Professor Gerald Mills presented “London’s Climate Futures: Beyond the Envelope,” in a session hosted by CIBSE Resilient Cities Group. A physical geographer at University College Dublin, Mills specialises in urban climatology, is a former president of the International Association for Urban Climates, works with the World Meteorological Organization, and is a review editor for the forthcoming IPCC Special Report on Cities and Climate Change. The webinar set out to connect global climate science with the practical realities of how cities are planned, built and managed, moving deliberately from the planetary scale down to streets, buildings and neighbourhoods.
Mills began by grounding the discussion in the global picture: rising atmospheric carbon dioxide, the strengthening greenhouse gas effect, and the planet’s growing energy imbalance. He explained how a tiny concentration of CO₂ in the atmosphere exerts an outsized influence on longwave radiation, driving warming that is now clearly visible in global temperature and ocean heat content records.
The Paris Agreement’s 1.5°C goal was framed not as an abstract target but as a threshold beyond which the climate system shifts into conditions societies are not designed for, especially once more intense heatwaves, heavy rainfall, drought and sea level rise are factored in. Against this backdrop, he emphasised that cities, though occupying only a small fraction of the Earth’s surface, are responsible for roughly 70% of global anthropogenic CO₂ emissions and therefore sit at the heart of both the problem and its solutions.
A central theme of the talk was the need to hold two climate stories together: the global climate that is changing because of human activity, and the urban climate that arises from how cities are built, paved, heated, cooled and inhabited. Mills described how urban form – impermeable surfaces, dense construction, rough building geometry, and high energy use – creates distinct local climates that drive urban heat islands, altered hydrology, poor air quality and increased flood risk.
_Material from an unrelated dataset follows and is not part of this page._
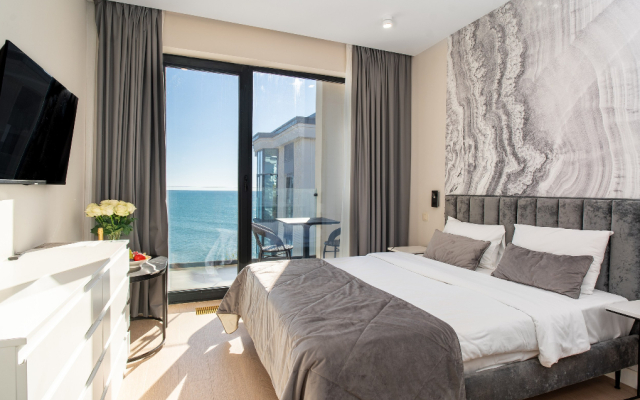 Лучезарный берег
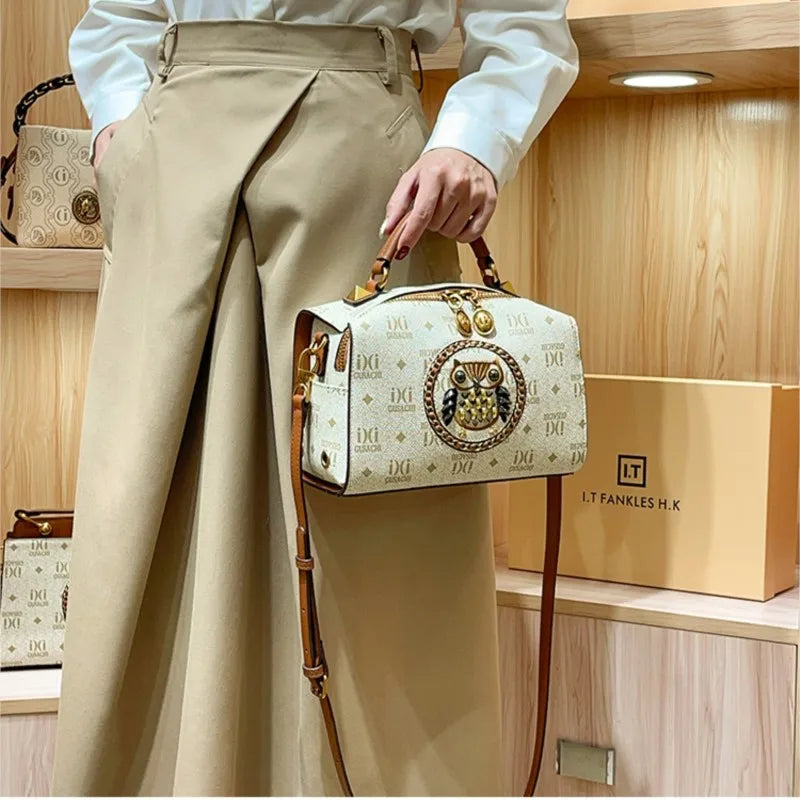 Veliora Vintage Pillow Crossbody 👜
At the same time, cities remain embedded in a background climate defined by latitude, proximity to oceans and topography, which is itself shifting under global warming. The challenge for planners, engineers and designers is to understand how local interventions at building, neighbourhood and city scales aggregate into wider atmospheric impacts, and how global change will in turn reshape the conditions inside cities.
Turning specifically to London, Mills used local climate projections, greenhouse gas inventories and urban form classifications to show how uneven both risk and responsibility are across the capital. Projections for London point clearly towards warmer conditions, more frequent and intense heatwaves, wetter winters, drier summers, and associated water stress and flood risks.
Mapping local climate zones revealed that the most built-up central districts experience the strongest urban heat island effects, while residential energy performance data showed large areas of poorly performing housing stock, with many dwellings far below the EPC standards that cities now aspire to. London’s emissions profile – broadly divided between domestic, commercial/industrial, and transport sectors – underscores the scale of the retrofit and system change needed, from improving building fabric and heating systems at scale to transforming mobility and power supply.
The closing discussion focused on what this means for adaptation, mitigation and the way we think about urban climate action. Mills argued that zero-carbon city goals speak primarily to mitigation – reducing emissions that occur within city boundaries and eventually tackling hard-to-measure emissions that occur outside city boundaries – while the inevitability of further warming means cities must also invest heavily in adaptation and climate resilience. He stressed that popular measures such as urban greening and tree planting play an important role in cooling and comfort but cannot offset more than a tiny fraction of London’s annual emissions, making systemic changes in energy use and urban form unavoidable.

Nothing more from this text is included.